■ **PROBLEM DETAILS**
Exclude images, then output the remaining data verbatim.

GIVEN RECORDS section start

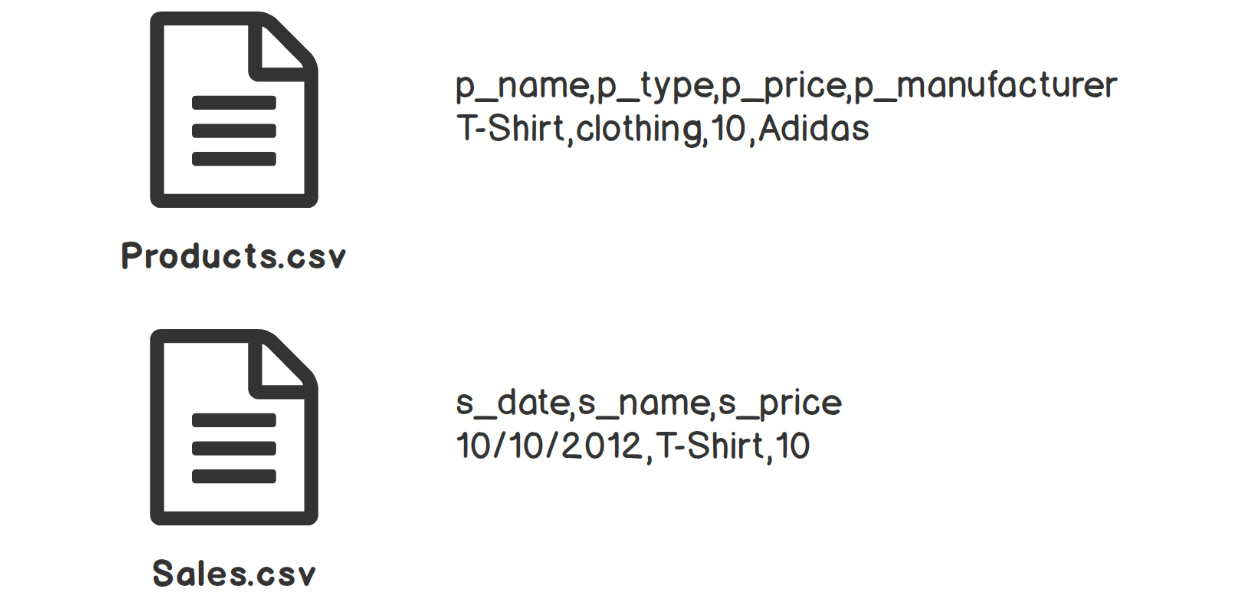 Figure 5.9: Products and sales data representation in the file
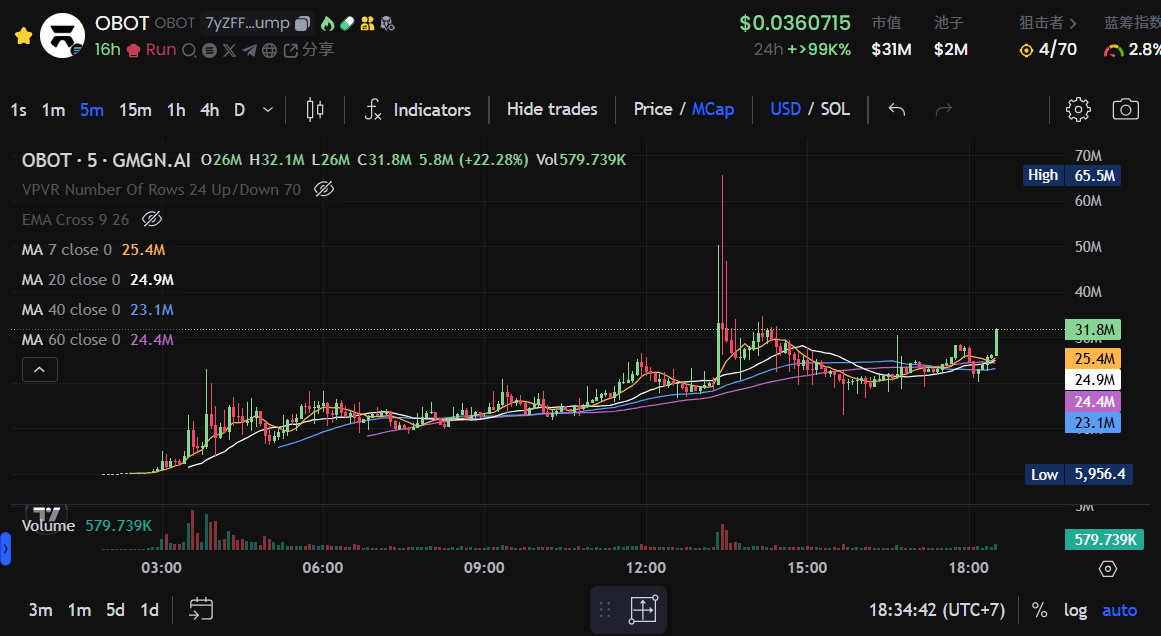 声援叙事、再创业、莱特币概念,Meme市场都在猛冲什么?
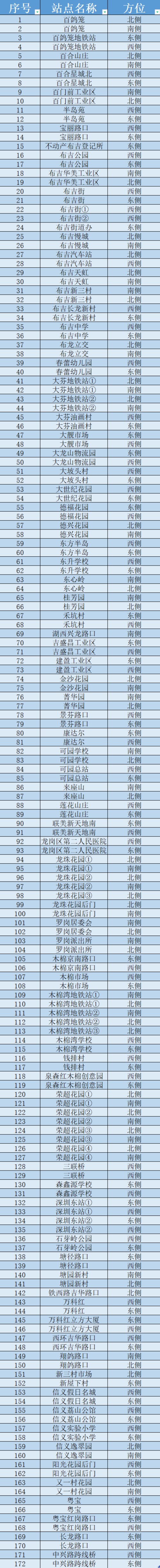 深圳龍崗區(qū)布吉街道這些公交站點(diǎn)暫停運(yùn)營(yíng)服務(wù)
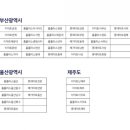아모레퍼시픽마트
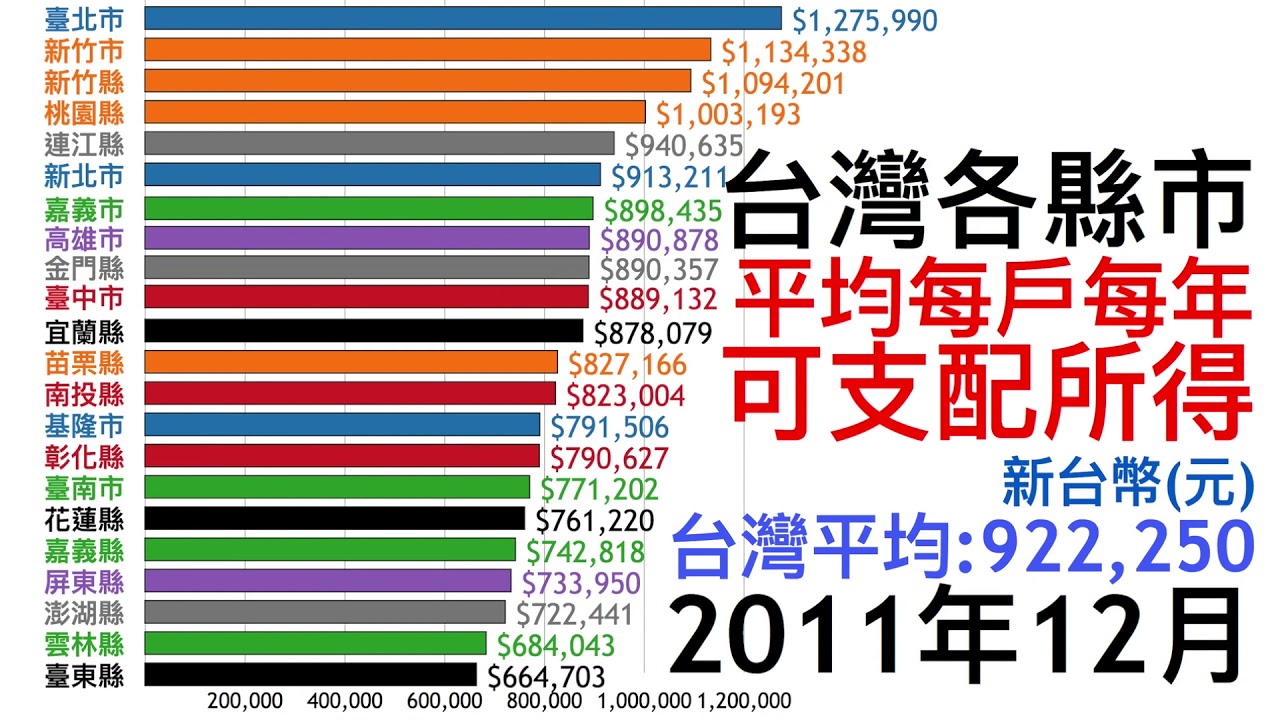 收支 城鄉差距南北差距 台灣各縣市平均每戶每年可支配所得 1998 2018 Youtube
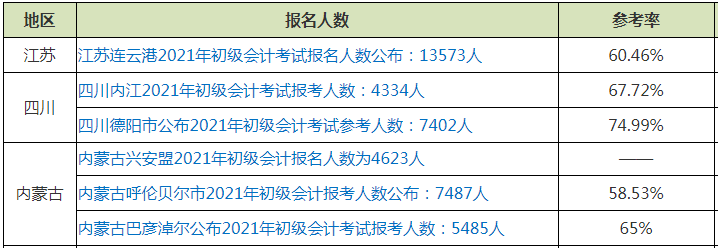 2022年初级会计师考试难考吗？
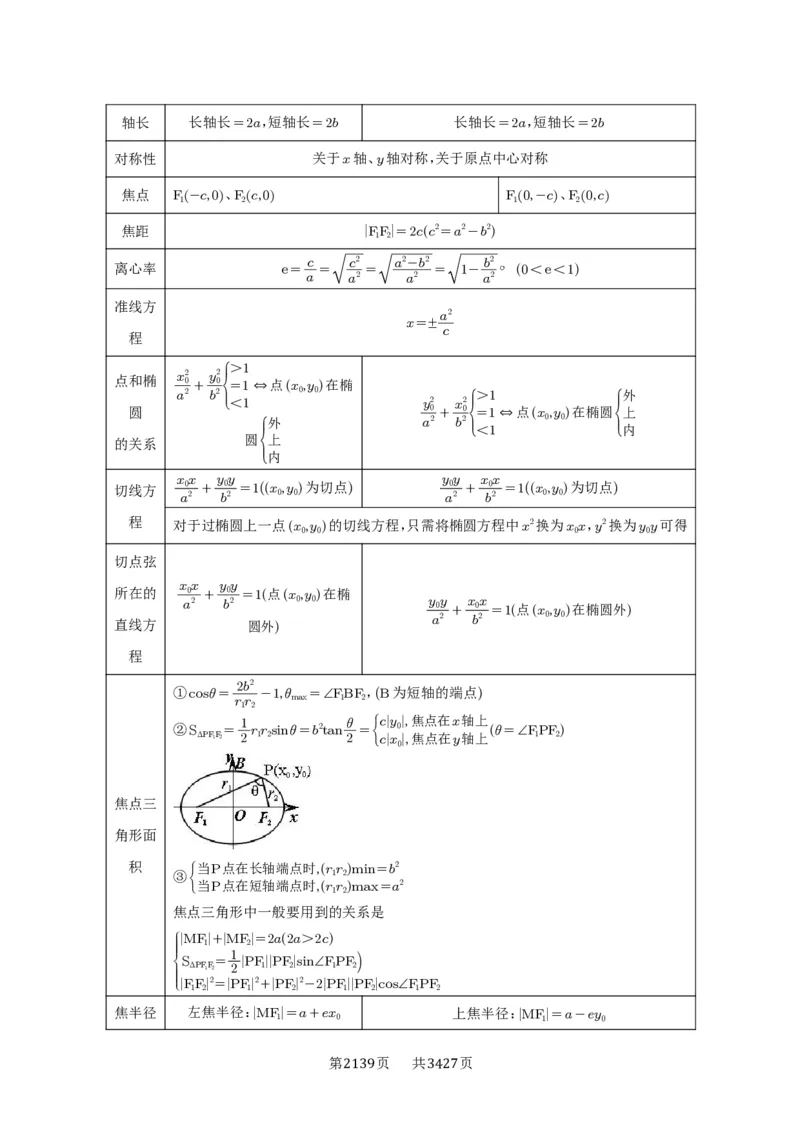 第64讲椭圆及其性质_高中三年全科资料_高考数学《必刷5000题》2025版_2025高考数学必刷5000题（解析版分章节PDF）
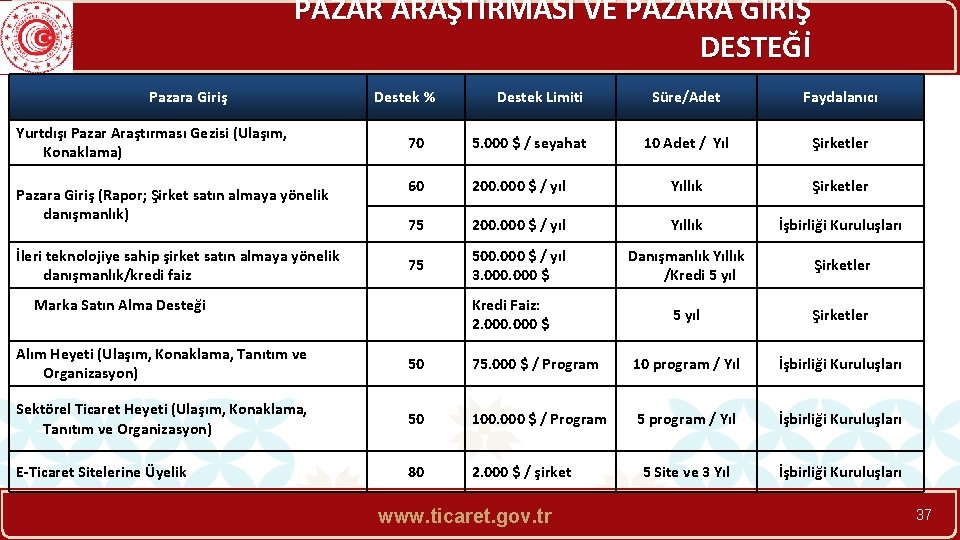 PAZAR ARAŞTIRMASI VE PAZARA GİRİŞ DESTEĞİ Pazara Giriş Yurtdışı Pazar Araştırması Gezisi (Ulaşım, Konaklama)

GIVEN RECORDS section end

■ **EXERCISE RESULT**
 Figure 5.9: Products and sales data representation in the file
 声援叙事、再创业、莱特币概念,Meme市场都在猛冲什么?
 深圳龍崗區(qū)布吉街道這些公交站點(diǎn)暫停運(yùn)營(yíng)服務(wù)
아모레퍼시픽마트
 收支 城鄉差距南北差距 台灣各縣市平均每戶每年可支配所得 1998 2018 Youtube
 2022年初级会计师考试难考吗？
 第64讲椭圆及其性质_高中三年全科资料_高考数学《必刷5000题》2025版_2025高考数学必刷5000题（解析版分章节PDF）
 PAZAR ARAŞTIRMASI VE PAZARA GİRİŞ DESTEĞİ Pazara Giriş Yurtdışı Pazar Araştırması Gezisi (Ulaşım, Konaklama)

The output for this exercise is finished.